I have a confession to make, I hate conventional exercise. Logging miles on the treadmill and elliptical are like slow torture to me. Maybe it’s because when I was young, instead of learning a team sport, exercise consisted of dance lessons for hours most every night, which I loved. Dance wasn’t exercise – it was fun. Not so, running around the track, chin ups and all the other tasks we had to accomplish in elementary school to achieve the President’s fitness medal. When I was young, even after those dance lessons ended, I was blessed with a fast metabolism and lots of nervous energy, so I could do little to nothing and not gain weight. My lack of fitness didn’t slow me down, I guess because I was young.
When I turned 22 , like most women, my metabolism turned on me, while I knew not exercising was no longer an option, not eating was so much easier. Since then, I have gone through continuous cycles of exercising and not exercising; falling off the bandwagon much faster than I get back on, despite the fact that I feel much better when I’m “on the wagon.” I have learned that not exercising, and not doing a variety of different types of exercise at that, can impact your everyday life in ways that prevent you from enjoying it and living it to its fullest. For example, while I was training for the Breast Cancer 3-day (a 60 mile walk over 3 days), I could walk 20 miles at a 4 mile per hour pace without problem, but make me go up a hill and I was struggling for breath in 4 minutes. Ditto when I hiked the Cinque Terra with my husband – a smoking overweight French guy was keeping pace with me!

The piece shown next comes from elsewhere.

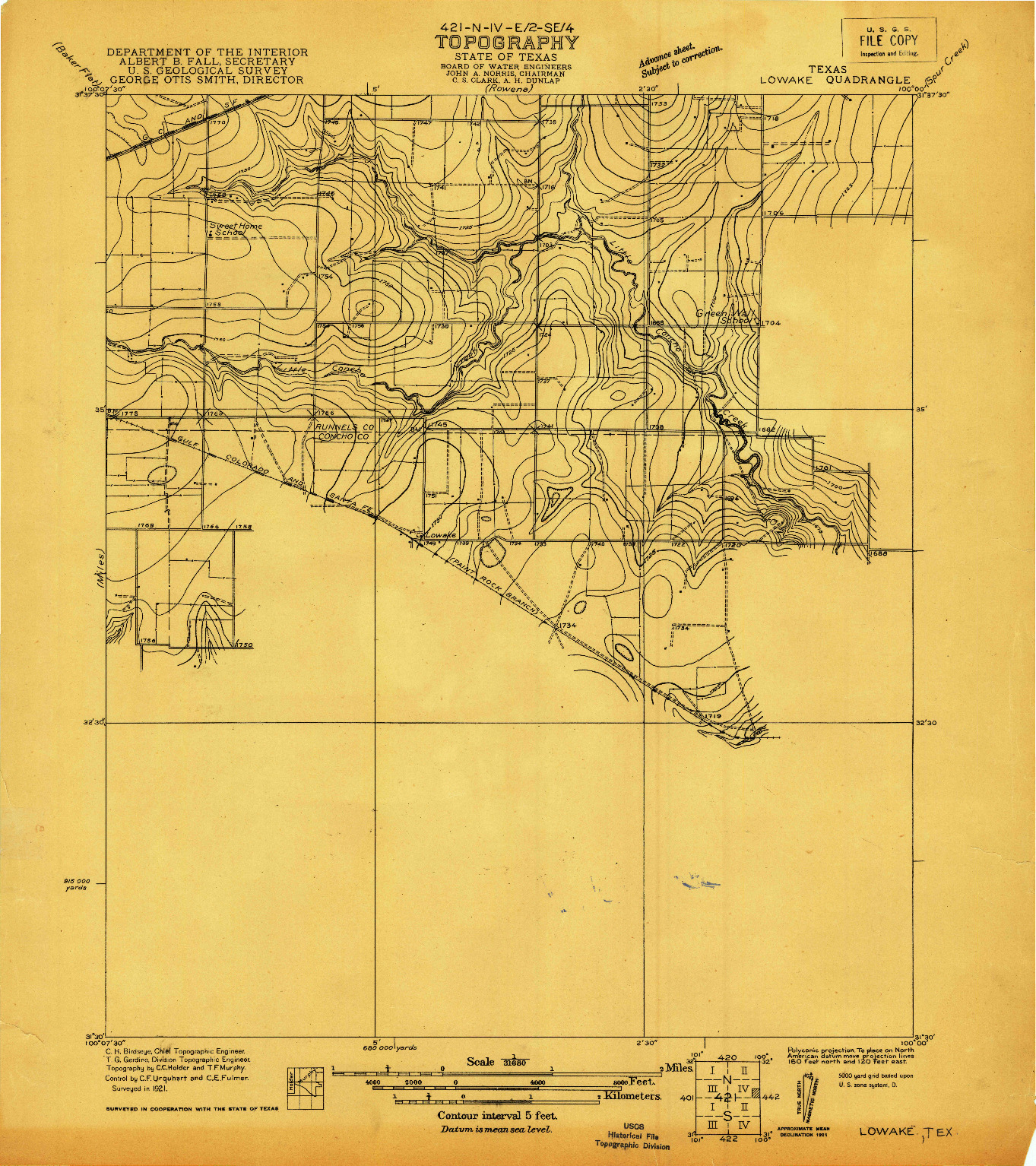 USGS 1:31680-SCALE QUADRANGLE FOR LOWAKE, TX 1921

A year ago I started taking pilates. I really like pilates, for the stretching, for the core strength, but not for the calorie burn which is less than 200 per hour. So cardio had to be added, and add it I did, 45-60 minutes of walking on the treadmill (I’ve never been a runner) 5-7 days a week at 4.4 mph and a minimum incline of 3. I was finally back on the wagon and then in June, I was rear-ended and was forced off . 2 1/2 months of forced inactivity led to weight gain, loss of strength and an overall feeling of sluggishness. I’ve received clearance to start exercising again (paying attention to how my neck and back feel) and encouraged to start pilates again, which I have. I want to get on the wagon for good this time, and I want to get to a level of fitness where I can join my husband when he wants to run a 5k, play tennis with my lil sis, or go on a hike instead of whipping out my inhaler and making excuses on account of very mild asthma. I ALSO WANT TO GET BACK INTO MY BIKINI!
The bottom line is the sedentary lifestyle that so many Americans fall into doesn’t just make us heavier, it makes us unable to participate in all the things life throws our way. So, I’m asking you all to make me accountable and hoping some (or all) of you will join me in a little fitness challenge – don’t worry we’re going to start real slow. Let’s set some goals and get to it!
- Cardio 5+ days per week, every week
- Strength-training 3+ days per week, every week
- Be able to do 20 non-girly push-ups (I can’t even do 1 right now)
- Learn a new sport – tennis for me.
- Run, not walk, the Susan G. Komen 5K Race for the Cure in Seattle in the Spring. Would love to be joined by all of you who are local!
- Lose the 15 lbs I’ve gained since moving to the Emerald City – not by not eating.
- Washboard abs (one can dream).
Exercise for at least 30 minutes, 4 days per week. We’ll officially start on Monday, but feel free to start earlier – I am.